4.      Implementasi
Menurut Carpenito (2009, hal 57). komponen implementasi dalam proses keperawatan mencakup penerapan ketrampilan yang diperlukan untuk mengimplentasikan intervensi keperawatan. Ketrempilan dan pengetahuan yang diperlukan untuk implementasi biasanya berfokus pada
a.    Melakukan aktivitas untuk klien atau membantu klien.
b.    Melakukan pengkajian keperawatan untuk mengidentifikasi masalah baru atau memantau status masalah yang telah ada
c.    Memberi pendidikan kesehatan untuk membantu klien mendapatkan pengetahuan yang baru tentang kesehatannya atau penatalaksanaan gangguan.
d.   Membantu klien membuat keputusan tentang layanan kesehatannya sendiri
e.    Berkonsultasi dan membuat rujukan pada profesi kesehatan lainnya untuk mendapatkan pengarahan yang tepat.
f.     Memberi tindakan yang spesifik untuk menghilangkan, mengurangi, atau menyelesaikan masalah kesehatan.
g.    Membantu klien melakukan aktivitasnya sendiri
h.    Membantu klien mengidentifikasi risiko atau masalah dan menggali pilihan yang tersedia.

2.    Evaluasi
Evaluasi merupakan langkah terakhir dari proses keperawatan dengan cara melakukan identifikasi sejauh mana tujuan dari rencana keperawatan tercapai atau tidak. Dalam melakukan evaluasi perawat harusnya memiliki pengetahuan dan kemampuan dalam memahami respons terhadap intervensi keperawatan, kemampuan menggambarkan kesimpulan tentang tujuan yang dicapai serta kemampuan dalam menghubungkan tindakan keperawatan pada kriteria hasil (Hidayat, A. Hal 124).






BAB III
TINJAUAN KASUS
Tinjauan kasus merupakan gambaran Asuhan Keperawatan yang dilakukan pada pasien By. Y dengan asfiksia diruang perawatan perinatologi rumah sakit umum daerah cut meutia, dimulai tanggal 20 juni 2012 sampai dengan 22 juni 2012 melalui pendekatan proses keperawatan yang dilakukan melalui tahap – tahap sebagai berikut :

A.  Pengkajian
1.        Identitas bayi
Bayi lahir pada tanggal 20 juni 2012 dan diindikasikan untuk dirawat di ruang perinatologi, Bernama By. Y, Berumur 1 hari, Jenis Kelamin Laki – Laki, Alamat Bayi Desa Alue Awe, No. Register 01.88.98.
Nama Ayah Tn.M, umur 37 tahun, agama islam, pendidikan SMA, pekerjaan wiraswasta,
Nama Ibu Ny. Y, umur 32 tahun, agama islam, pendidikan SMA, Pekerjaan Ibu Rumah Tangga.

2.        Keluhan Utama
Bayi setelah lahir tidak langsung menangis dan tidak segera bernapas spontan dan teratur dengan frekuensi napas 48 kali/menit. warna kulitnya kemerahan dan ekstremitas bawah biru.

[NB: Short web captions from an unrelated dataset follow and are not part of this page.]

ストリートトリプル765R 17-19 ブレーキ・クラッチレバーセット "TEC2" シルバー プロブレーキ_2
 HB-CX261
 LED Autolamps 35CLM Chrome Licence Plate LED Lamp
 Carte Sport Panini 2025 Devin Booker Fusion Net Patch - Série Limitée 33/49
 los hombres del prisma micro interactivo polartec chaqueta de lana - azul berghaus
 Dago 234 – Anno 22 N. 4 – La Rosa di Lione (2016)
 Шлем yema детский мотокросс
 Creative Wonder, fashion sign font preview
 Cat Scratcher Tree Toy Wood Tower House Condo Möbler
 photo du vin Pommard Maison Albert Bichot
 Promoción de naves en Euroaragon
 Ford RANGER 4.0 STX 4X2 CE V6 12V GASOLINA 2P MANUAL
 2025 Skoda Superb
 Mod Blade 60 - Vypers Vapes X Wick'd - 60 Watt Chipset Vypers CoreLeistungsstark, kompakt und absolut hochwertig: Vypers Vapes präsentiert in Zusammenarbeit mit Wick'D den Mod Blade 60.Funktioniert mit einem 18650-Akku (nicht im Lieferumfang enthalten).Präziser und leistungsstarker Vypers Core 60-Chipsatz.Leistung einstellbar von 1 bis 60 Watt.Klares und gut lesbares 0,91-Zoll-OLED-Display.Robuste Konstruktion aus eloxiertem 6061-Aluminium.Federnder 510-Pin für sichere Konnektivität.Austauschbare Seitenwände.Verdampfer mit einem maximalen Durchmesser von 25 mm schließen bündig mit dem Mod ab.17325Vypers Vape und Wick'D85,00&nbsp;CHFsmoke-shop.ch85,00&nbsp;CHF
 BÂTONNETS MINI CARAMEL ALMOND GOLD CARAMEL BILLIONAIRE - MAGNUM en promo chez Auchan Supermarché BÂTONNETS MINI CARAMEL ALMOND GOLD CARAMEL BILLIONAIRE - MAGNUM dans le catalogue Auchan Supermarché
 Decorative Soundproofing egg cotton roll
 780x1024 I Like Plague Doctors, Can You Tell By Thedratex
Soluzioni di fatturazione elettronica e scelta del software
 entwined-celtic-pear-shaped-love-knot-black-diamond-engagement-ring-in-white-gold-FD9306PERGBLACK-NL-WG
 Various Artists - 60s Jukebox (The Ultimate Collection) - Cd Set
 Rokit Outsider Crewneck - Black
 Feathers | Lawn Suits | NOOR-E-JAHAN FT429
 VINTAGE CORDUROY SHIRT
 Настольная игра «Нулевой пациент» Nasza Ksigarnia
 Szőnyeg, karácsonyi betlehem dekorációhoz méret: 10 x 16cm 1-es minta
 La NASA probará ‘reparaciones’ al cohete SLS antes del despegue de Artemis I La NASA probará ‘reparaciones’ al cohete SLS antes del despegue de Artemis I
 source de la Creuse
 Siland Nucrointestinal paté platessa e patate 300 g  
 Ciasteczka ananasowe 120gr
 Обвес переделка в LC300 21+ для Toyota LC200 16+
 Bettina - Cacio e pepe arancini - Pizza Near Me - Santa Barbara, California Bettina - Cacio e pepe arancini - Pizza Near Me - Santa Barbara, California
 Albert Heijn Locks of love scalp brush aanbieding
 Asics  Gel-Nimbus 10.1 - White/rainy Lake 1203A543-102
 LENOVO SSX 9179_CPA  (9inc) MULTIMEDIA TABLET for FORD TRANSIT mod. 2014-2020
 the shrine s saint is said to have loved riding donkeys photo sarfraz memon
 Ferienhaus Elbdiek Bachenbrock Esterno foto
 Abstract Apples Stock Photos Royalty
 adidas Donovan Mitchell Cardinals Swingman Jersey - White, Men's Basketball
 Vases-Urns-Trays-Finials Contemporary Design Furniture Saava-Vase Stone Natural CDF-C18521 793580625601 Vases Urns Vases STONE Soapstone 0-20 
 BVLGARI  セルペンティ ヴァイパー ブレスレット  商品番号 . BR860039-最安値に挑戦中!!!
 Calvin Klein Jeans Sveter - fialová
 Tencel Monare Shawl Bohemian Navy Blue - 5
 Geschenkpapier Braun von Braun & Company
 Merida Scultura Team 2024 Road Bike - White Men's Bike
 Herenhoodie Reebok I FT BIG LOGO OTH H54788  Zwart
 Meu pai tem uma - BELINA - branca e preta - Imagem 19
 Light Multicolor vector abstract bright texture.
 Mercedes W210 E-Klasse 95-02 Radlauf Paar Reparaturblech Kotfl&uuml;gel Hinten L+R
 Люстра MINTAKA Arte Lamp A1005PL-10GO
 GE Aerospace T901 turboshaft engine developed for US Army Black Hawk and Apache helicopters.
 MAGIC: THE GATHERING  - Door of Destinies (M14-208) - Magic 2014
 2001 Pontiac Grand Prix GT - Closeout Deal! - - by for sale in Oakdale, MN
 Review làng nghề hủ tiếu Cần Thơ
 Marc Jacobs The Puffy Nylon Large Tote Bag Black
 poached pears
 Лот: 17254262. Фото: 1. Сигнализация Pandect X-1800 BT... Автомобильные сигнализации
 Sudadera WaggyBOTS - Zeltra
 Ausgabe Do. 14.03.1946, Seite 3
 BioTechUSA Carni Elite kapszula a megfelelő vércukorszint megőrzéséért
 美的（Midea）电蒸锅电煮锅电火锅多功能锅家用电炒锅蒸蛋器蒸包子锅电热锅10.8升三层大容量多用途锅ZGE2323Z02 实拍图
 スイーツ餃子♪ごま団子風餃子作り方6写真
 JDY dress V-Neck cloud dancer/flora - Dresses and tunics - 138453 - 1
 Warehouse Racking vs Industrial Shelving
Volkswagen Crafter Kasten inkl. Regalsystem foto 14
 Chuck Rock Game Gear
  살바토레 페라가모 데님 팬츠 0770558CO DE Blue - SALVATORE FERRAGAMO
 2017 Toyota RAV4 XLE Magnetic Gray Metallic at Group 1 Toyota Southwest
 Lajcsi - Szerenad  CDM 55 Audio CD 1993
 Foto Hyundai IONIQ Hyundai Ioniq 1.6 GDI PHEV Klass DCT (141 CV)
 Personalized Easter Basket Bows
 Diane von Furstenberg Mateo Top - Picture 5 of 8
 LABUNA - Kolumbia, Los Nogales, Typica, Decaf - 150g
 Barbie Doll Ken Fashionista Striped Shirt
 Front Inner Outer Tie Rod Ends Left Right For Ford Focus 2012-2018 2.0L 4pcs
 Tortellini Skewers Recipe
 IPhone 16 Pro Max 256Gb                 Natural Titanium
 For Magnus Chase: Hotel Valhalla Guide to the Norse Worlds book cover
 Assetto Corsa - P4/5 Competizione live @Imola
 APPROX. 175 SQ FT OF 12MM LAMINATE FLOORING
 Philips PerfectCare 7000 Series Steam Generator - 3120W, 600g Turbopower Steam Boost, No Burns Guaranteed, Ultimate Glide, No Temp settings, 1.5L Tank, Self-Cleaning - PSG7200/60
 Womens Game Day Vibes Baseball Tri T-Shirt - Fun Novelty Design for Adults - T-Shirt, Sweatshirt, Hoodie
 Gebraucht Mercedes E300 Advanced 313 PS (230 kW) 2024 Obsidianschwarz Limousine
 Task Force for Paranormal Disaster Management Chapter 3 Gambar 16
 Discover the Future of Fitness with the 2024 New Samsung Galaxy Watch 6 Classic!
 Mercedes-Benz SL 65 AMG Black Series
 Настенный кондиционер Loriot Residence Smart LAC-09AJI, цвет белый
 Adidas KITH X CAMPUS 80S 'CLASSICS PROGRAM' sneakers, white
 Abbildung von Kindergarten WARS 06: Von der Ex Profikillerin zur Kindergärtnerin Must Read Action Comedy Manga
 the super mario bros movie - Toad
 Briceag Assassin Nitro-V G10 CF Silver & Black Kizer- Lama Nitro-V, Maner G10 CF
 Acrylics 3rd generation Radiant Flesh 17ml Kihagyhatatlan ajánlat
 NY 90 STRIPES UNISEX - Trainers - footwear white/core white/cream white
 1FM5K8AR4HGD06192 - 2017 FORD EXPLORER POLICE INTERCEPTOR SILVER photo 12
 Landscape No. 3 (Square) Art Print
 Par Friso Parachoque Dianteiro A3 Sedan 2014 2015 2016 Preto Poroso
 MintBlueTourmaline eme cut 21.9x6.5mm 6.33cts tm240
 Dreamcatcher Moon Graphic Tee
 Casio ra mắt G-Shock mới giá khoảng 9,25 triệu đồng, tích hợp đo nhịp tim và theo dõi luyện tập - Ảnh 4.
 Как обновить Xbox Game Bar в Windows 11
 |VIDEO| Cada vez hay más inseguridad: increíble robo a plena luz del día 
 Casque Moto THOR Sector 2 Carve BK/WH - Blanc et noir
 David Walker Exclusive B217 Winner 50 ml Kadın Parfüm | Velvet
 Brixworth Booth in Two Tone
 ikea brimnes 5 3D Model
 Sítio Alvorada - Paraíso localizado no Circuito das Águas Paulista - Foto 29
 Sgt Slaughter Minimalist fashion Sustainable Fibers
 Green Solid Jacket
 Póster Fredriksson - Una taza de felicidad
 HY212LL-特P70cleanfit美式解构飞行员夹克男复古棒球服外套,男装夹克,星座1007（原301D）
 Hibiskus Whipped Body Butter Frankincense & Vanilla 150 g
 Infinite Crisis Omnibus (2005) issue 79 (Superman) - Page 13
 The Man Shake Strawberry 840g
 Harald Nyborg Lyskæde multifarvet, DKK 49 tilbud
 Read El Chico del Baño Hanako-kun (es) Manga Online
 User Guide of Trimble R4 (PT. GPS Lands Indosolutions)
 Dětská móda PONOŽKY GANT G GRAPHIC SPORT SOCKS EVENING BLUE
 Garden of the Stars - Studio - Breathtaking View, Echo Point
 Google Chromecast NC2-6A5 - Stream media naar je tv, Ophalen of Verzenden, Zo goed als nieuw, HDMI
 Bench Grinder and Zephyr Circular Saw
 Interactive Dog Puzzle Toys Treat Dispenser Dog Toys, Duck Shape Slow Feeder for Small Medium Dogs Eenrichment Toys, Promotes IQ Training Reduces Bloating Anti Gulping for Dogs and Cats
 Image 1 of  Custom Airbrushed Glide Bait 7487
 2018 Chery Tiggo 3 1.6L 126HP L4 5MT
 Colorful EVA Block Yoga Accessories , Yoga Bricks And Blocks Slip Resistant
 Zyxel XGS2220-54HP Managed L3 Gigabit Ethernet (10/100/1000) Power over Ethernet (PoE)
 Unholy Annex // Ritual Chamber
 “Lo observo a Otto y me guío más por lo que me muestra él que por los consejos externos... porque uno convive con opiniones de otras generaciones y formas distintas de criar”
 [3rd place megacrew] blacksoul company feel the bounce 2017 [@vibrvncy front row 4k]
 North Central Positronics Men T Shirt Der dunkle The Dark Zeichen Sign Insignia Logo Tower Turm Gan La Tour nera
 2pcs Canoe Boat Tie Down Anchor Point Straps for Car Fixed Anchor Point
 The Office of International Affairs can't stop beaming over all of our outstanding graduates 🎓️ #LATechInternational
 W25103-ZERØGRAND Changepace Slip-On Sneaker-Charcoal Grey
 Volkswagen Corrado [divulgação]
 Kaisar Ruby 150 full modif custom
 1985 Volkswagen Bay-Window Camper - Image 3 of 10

3.        Riwayat Penyakit Sekarang
By. R lahir pada pukul 07:00 wib dengan kelahiran partus normal. Setelah lahir nilai APGAR SKORE menit pertama 6 dan menit ke 5 nilai APGAR SKORE 7, bayi tidak langsung menangis dan tidak bisa bernapas secara spontan sejak lahir, adanya retraksi iga, warna kulit kemerahan dan ekstremitas bawah kebiruan sejak lahir. Temp 37,50C, RR 48 x/m, Pols 110 x/m dan O2 terpasang 2 liter, dan bayi segera dirawat diruangan perinatologi
4.        Riwayat Kesehatan Masa Lalu
Tidak ada riwayat bayi sebelumnya atau bayi sudah tidak mengalami kelainan saat dalam kandungan, dan setelah lahir bayi mengalami asfiksia.
5.        Riwayat Kesehatan Keluarga
Dalam keluarga klien tidak ada anggota keluarga yang pernah lahir dengan komplikasi asfiksia.
6.        Riwayat Kehamilan Keluarga
Pranatal : Selama hamil ibu pasien pernah megalami sesak napas, sering pusing-pusing dan muntah – muntah pada umur kehamilan 1 sampai 3 bulan.
Natal / Lahir : Bayi Lahir 39 Minggu, Lahir normal dan persalinan di tolong oleh Bidan di RS Cut Meutia , dengan Berat Badan waktu lahir 2500 gr, ada penyulit kelahiran sperti lilitan tali pusat pada leher bayi.
Post Natal : Bayi lahir tidak langsung menangis, tidak segera bernapas spontan dan teratur, dengan frekuensi 48 kali/menit, adanya lendir dihidung dan mulut. Pols 110x/menit, Seluruh tubuh merah dengan ekstremitas bawah biru, Bayi dibungkus dengan kain kering dan bersih, terpasang oksigen dengan volume 2 liter/menit, Apgar Score 6/7, reflek menghisap bayi saat lahir sangat lemah.
Adapun nilai APGAR SCORE adalah sebagai berikut :
No
Aspek yang dinilai
Score menit ke
KET
1
5
1.
2.
3.
4.
5.
warna kulit
denyut nadi
reflek
tonus otot
pernapasan
1
2
1
1
1
1
2
2
1
1
JUMLAH
6
7
6/7

7.        Pola Kebutuhan Sehari – hari
a.    Nutrisi
Jenis susu yang diberikan kepada klien adalah ASI 20cc/3 jam dengan cara melalui dot bayi, reaksi bayi saat minum susu dengan reflex menghisap lemah dan sering melepaskan dot dari mulutnya, klien belum mendapatkan makanan tambahan. pemenuhan cairan melalui parenteral infus dextrose 5% 10 tts/menit (micro).
b.   Eliminasi
Pasien sudah BAK namun frekuensinya tidak dapat terdeteksi karena klien dipakaikan pampers bayi dan sudah diganti satu kali ketika dilakukan pengkajian dan belum BAB selama setelah lahir sampai dilakukan pengkajian diruang perinatologi pada pukul 08:00 Wib tanggal 20 juni 2012.


c.    Istirahat dan tidur
Klien di rawat dalam incubator dengan suhu inkubator 360C. Dan terpasang O2 2liter/menit.
d.   Kebersihan perorangan
Pasien belum dimandikan ketika di lakukan pengkajian, namun klien hanya dibersihkan dengan menggunakan tisu yang lembab (tisu khusus untuk neonatus).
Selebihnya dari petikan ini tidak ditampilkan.